These practices are world-wide, and world-old. The thoroughly
popular songs, thus evolved, became the rude material of a
professional class of minstrels, when these arose, as in the heroic
age of Greece. A minstrel might be attached to a Court, or a
noble; or he might go wandering with song and harp among the
people. In either case, this class of men developed more regular
and ample measures. They evolved the hexameter; the laisse of the
Chansons de Geste; the strange technicalities of Scandinavian
poetry; the metres of Vedic hymns; the choral odes of Greece. The
narrative popular chant became in their hands the Epic, or the
mediaeval rhymed romance.
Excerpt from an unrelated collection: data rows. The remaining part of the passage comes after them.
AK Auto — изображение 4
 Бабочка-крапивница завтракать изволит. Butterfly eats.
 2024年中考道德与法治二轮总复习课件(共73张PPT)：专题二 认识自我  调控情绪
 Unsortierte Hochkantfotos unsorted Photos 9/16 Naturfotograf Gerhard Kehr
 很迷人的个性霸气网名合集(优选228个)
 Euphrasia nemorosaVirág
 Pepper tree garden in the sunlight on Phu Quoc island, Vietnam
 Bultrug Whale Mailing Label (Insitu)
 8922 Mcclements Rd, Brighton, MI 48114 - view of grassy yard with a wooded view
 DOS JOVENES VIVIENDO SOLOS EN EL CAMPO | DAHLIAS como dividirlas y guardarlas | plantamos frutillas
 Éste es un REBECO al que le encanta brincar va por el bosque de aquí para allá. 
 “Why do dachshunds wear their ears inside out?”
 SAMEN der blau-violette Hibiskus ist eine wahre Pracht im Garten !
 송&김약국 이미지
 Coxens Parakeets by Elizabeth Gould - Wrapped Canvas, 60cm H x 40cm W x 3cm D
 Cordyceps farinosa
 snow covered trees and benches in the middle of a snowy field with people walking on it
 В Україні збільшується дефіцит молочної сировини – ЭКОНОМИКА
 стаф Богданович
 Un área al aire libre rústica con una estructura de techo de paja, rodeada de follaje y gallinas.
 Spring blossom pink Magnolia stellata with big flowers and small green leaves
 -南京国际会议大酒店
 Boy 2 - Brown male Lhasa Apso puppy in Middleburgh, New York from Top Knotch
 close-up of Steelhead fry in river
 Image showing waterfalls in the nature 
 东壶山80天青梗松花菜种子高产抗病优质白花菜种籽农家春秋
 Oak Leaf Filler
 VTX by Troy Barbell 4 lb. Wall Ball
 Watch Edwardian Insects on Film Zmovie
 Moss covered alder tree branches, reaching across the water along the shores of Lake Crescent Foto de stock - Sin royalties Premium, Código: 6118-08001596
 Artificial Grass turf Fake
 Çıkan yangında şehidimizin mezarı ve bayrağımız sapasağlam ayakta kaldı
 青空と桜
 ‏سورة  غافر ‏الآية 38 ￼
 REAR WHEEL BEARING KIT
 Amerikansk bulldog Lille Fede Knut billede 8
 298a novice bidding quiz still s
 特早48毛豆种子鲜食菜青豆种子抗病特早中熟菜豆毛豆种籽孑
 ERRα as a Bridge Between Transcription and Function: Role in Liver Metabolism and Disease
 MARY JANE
The metre of improvised verse changed
into the artistic lyric. These lyric forms were fixed, in many
cases, by the art of writing. But poetry did not remain solely in
professional and literary hands. The mediaeval minstrels and
jongleurs (who may best be studied in Leon Gautier's Introduction
to his Epopees Francaises) sang in Court and Camp. The poorer,
less regular brethren of the art, harped and played conjuring
tricks, in farm and grange, or at street corners. The foreign
newer metres took the place of the old alliterative English verse.
But unprofessional men and women did not cease to make and sing.
Some writers have decided, among them Mr. Courthope, that our
traditional ballads are degraded popular survivals of literary
poetry. The plots and situations of some ballads are, indeed, the
same as those of some literary mediaeval romances.